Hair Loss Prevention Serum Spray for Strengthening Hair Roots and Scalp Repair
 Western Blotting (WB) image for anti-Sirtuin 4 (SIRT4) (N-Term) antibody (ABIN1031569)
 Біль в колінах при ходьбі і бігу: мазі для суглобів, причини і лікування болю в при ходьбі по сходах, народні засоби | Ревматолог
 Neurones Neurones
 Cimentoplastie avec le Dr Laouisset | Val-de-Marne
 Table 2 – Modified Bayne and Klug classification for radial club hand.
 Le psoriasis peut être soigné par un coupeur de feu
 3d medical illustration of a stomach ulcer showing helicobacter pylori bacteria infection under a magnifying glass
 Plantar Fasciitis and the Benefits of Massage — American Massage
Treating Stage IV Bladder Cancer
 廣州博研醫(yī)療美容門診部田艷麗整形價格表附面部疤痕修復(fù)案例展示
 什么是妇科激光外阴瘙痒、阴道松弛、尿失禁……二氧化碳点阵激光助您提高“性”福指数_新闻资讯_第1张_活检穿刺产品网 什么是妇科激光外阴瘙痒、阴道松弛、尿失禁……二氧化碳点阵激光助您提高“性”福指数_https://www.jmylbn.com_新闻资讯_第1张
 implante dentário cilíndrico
====
* DESCRIPTION OF THE TASK: The entries shown above must be restated word for word.

* RESULT:
Hair Loss Prevention Serum Spray for Strengthening Hair Roots and Scalp Repair
 Western Blotting (WB) image for anti-Sirtuin 4 (SIRT4) (N-Term) antibody (ABIN1031569)
 Біль в колінах при ходьбі і бігу: мазі для суглобів, причини і лікування болю в при ходьбі по сходах, народні засоби | Ревматолог
 Neurones Neurones
 Cimentoplastie avec le Dr Laouisset | Val-de-Marne
 Table 2 – Modified Bayne and Klug classification for radial club hand.
 Le psoriasis peut être soigné par un coupeur de feu
 3d medical illustration of a stomach ulcer showing helicobacter pylori bacteria infection under a magnifying glass
 Plantar Fasciitis and the Benefits of Massage — American Massage
Treating Stage IV Bladder Cancer
 廣州博研醫(yī)療美容門診部田艷麗整形價格表附面部疤痕修復(fù)案例展示
 什么是妇科激光外阴瘙痒、阴道松弛、尿失禁……二氧化碳点阵激光助您提高“性”福指数_新闻资讯_第1张_活检穿刺产品网 什么是妇科激光外阴瘙痒、阴道松弛、尿失禁……二氧化碳点阵激光助您提高“性”福指数_https://www.jmylbn.com_新闻资讯_第1张
 implante dentário cilíndrico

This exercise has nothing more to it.